[<prev] [next>] [<thread-prev] [thread-next>] [day] [month] [year] [list]
Message-Id: <6582d600063dd2176558bdf2b62a6a143bd594e2.1748594840.git.libo.gcs85@bytedance.com>
Date: Fri, 30 May 2025 17:27:43 +0800
From: Bo Li <libo.gcs85@...edance.com>
To: tglx@...utronix.de,
mingo@...hat.com,
bp@...en8.de,
dave.hansen@...ux.intel.com,
x86@...nel.org,
luto@...nel.org,
kees@...nel.org,
akpm@...ux-foundation.org,
david@...hat.com,
juri.lelli@...hat.com,
vincent.guittot@...aro.org,
peterz@...radead.org
Cc: dietmar.eggemann@....com,
hpa@...or.com,
acme@...nel.org,
namhyung@...nel.org,
mark.rutland@....com,
alexander.shishkin@...ux.intel.com,
jolsa@...nel.org,
irogers@...gle.com,
adrian.hunter@...el.com,
kan.liang@...ux.intel.com,
viro@...iv.linux.org.uk,
brauner@...nel.org,
jack@...e.cz,
lorenzo.stoakes@...cle.com,
Liam.Howlett@...cle.com,
vbabka@...e.cz,
rppt@...nel.org,
surenb@...gle.com,
mhocko@...e.com,
rostedt@...dmis.org,
bsegall@...gle.com,
mgorman@...e.de,
vschneid@...hat.com,
jannh@...gle.com,
pfalcato@...e.de,
riel@...riel.com,
harry.yoo@...cle.com,
linux-kernel@...r.kernel.org,
linux-perf-users@...r.kernel.org,
linux-fsdevel@...r.kernel.org,
linux-mm@...ck.org,
duanxiongchun@...edance.com,
yinhongbo@...edance.com,
dengliang.1214@...edance.com,
xieyongji@...edance.com,
chaiwen.cc@...edance.com,
songmuchun@...edance.com,
yuanzhu@...edance.com,
chengguozhu@...edance.com,
sunjiadong.lff@...edance.com,
Bo Li <libo.gcs85@...edance.com>
Subject: [RFC v2 15/35] RPAL: add sender/receiver state
The lazy switch defines six receiver states, and their state transitions
are as follows:
|<--->READY<----> WAIT <----> CALL ----> LAZY_SWITCH ---> KERNEL_RET
| | |
RUNNING <----------------------------------------|---------------|
The receiver thread initially starts in the RUNNING state and can
transition to the WAIT state voluntarily. The READY state is a temporary
state before entering WAIT state.
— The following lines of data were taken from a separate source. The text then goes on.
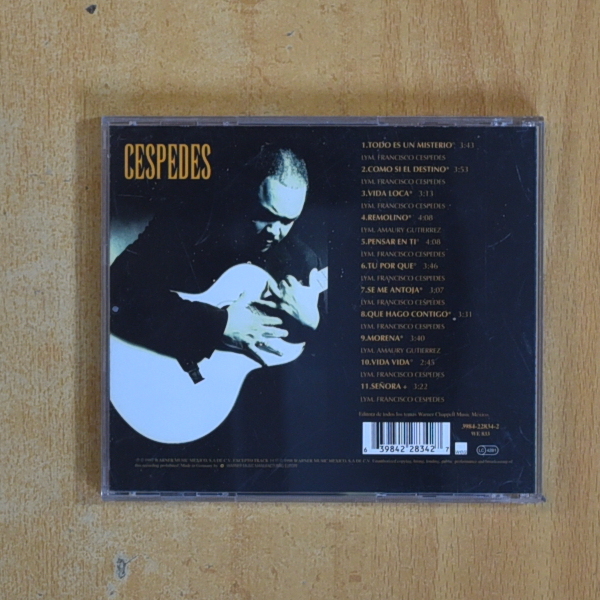 FRANCISCO CESPEDES - VIDA LOCA - CD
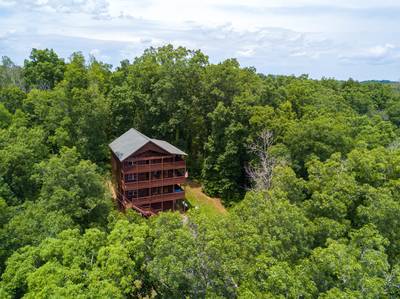 Antler Run arial view 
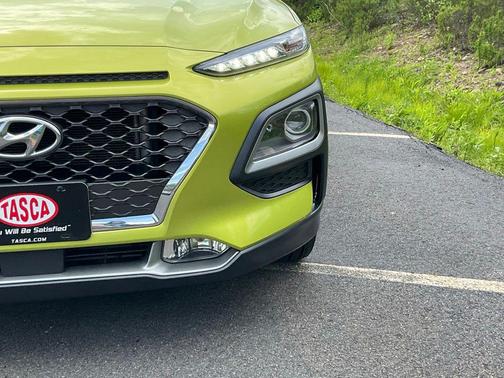 Lime Twist 2020 Hyundai KONA Ultimate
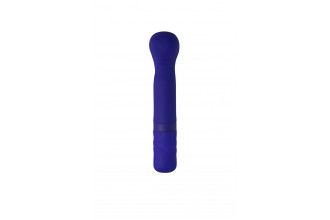 Синий мини-вибратор Rocky’s Fairy Mallet - 14,7 см.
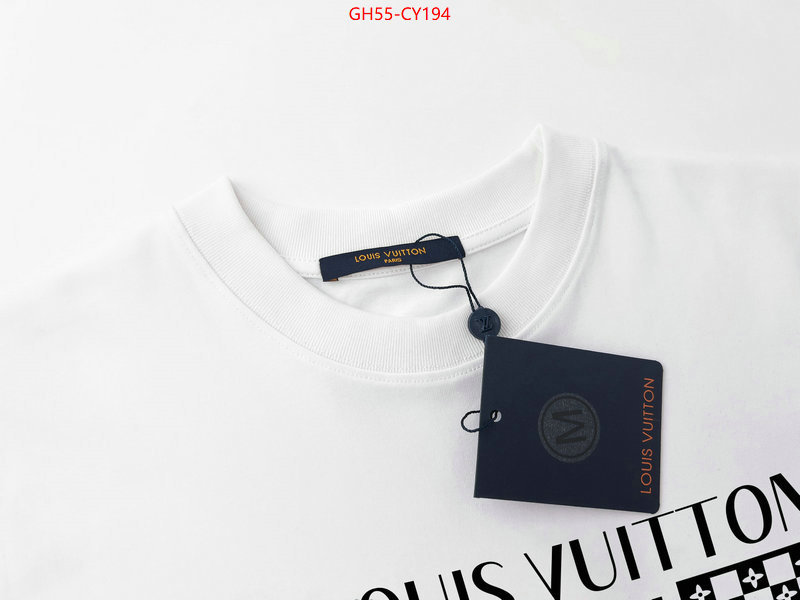 Clothing-LV,replica for cheap ID: CY194,$: 55USD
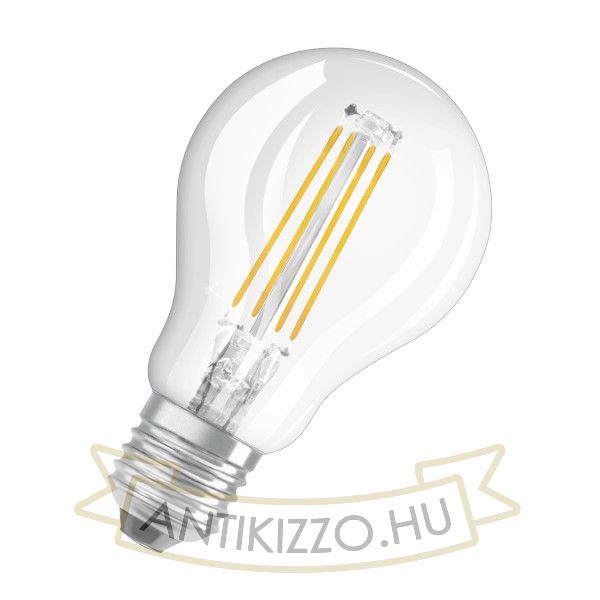 OSRAM Retrofit ilum izzó  világos 230V E27 LED EQ60  2700K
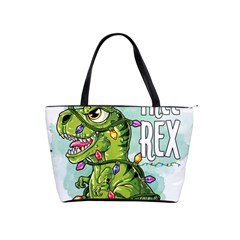 Dinosaur T-rex Dino Tyrannasaurus Classic Shoulder Handbag by Sarkoni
For a receiver in the WAIT state, it
must be in the TASK_INTERRUPTIBLE state. If the receiver thread is woken
up, the WAIT state can transition to the RUNNING state.
Once the receiver is in the WAIT state, the sender thread can
initiate an RPAL call, causing the receiver to enter the CALL state. A
receiver thread in the CALL state cannot be awakened until a lazy switch
occurs or its state changes. The call state carries additional service_id
and sender_id information.
If the sender completes executing the receiver's code without entering the
kernel after issuing the RPAL call, the receiver transitions back from the
CALL state to the WAIT state. Conversely, if the sender enters the kernel
during the RPAL call, the receiver's state changes to LAZY_SWITCH.
>From the LAZY_SWITCH state, the receiver thread has two possible state
transitions: When the receiver thread finishes execution and switches back
to the sender via a lazy switch, it first enters the KERNEL_RET state and
then transitions to the RUNNING state. If the receiver thread runs for too
long and the scheduler resumes the sender, the receiver directly
transitions to the RUNNING state. Transitions to the RUNNING state can be
done in userspace.
The lazy switch mechanism defines three states for the sender thread:
- RUNNING: The sender starts in this state. When the sender initiates
an RPAL call to switch from user mode to the receiver, it transitions
to the CALL state.
- CALL: The sender remains in this state while the receiver is executing
the code triggered by the RPAL call. When the receiver switches back to
the sender from user mode, the sender returns to the RUNNING state.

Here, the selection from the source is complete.